### Data excerpt

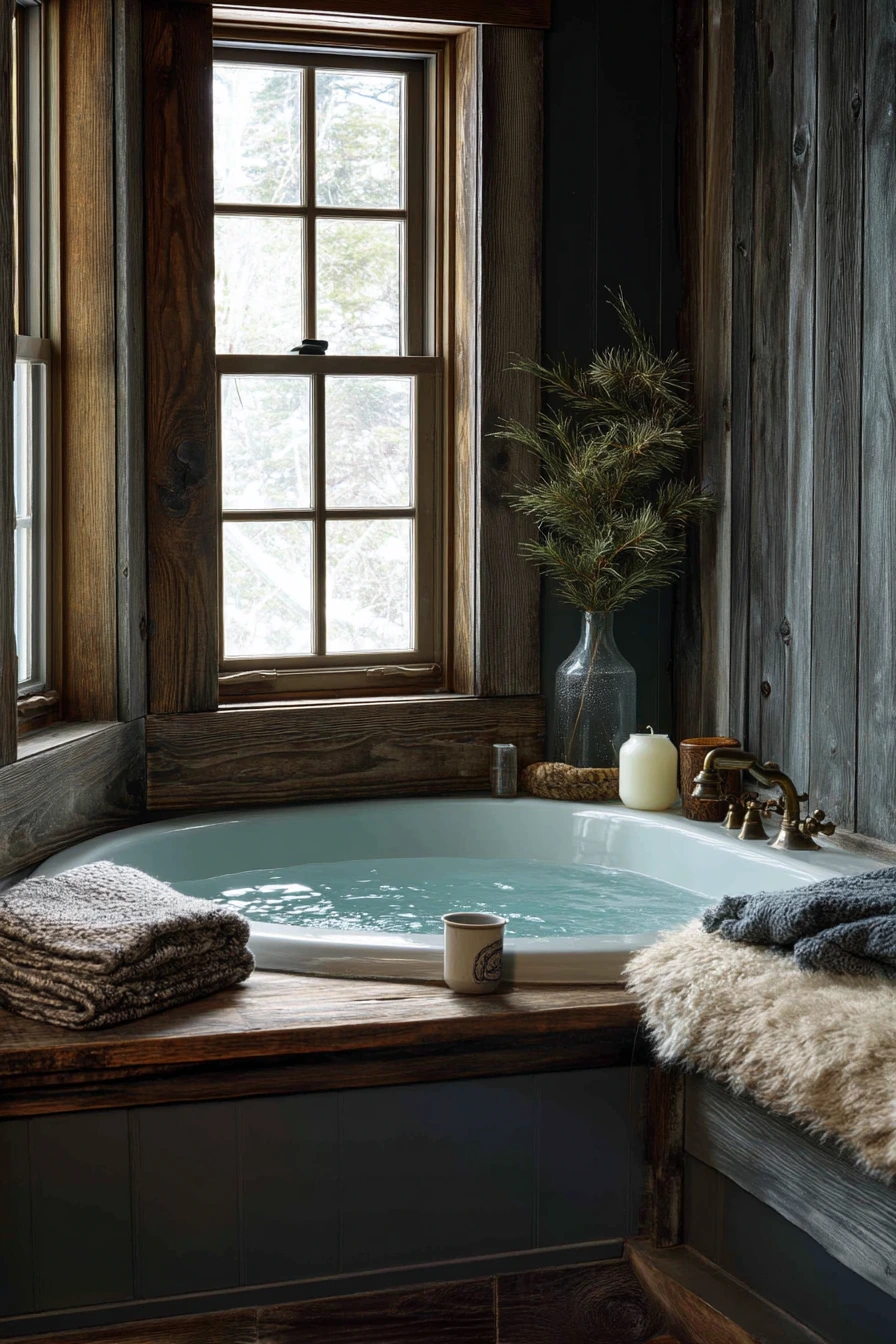 Rustic Weekend Cabin Soak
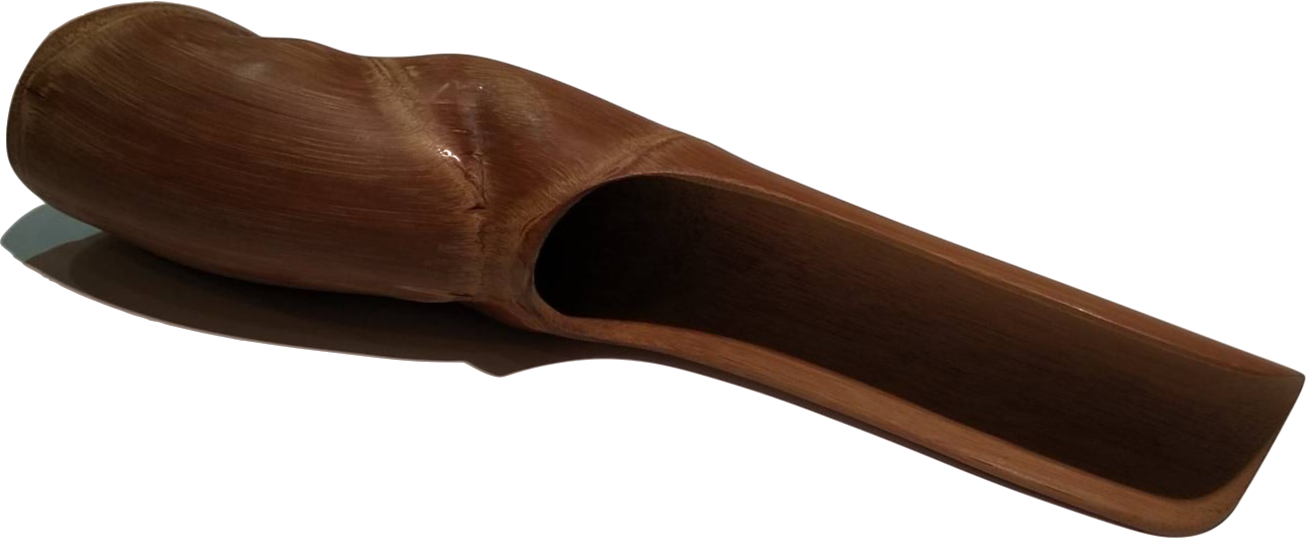 棕色大型老茶頭茶匙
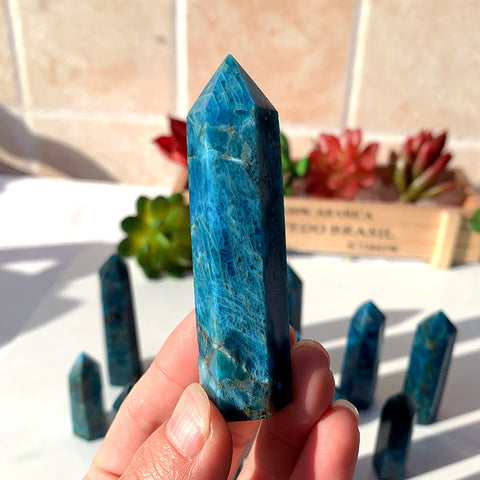 Blue Apatite Tower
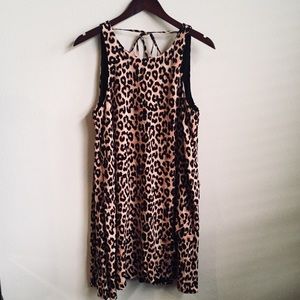 *NWT!* Francesca’s Blue Rain Cheetah Sheath Dress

### Your instructions
Please print the span that begins at the line holding "Blue Apatite Tower" and ends at the last line of the data, both ends included, with no pictures.

### Expected answer
 Blue Apatite Tower
 *NWT!* Francesca’s Blue Rain Cheetah Sheath Dress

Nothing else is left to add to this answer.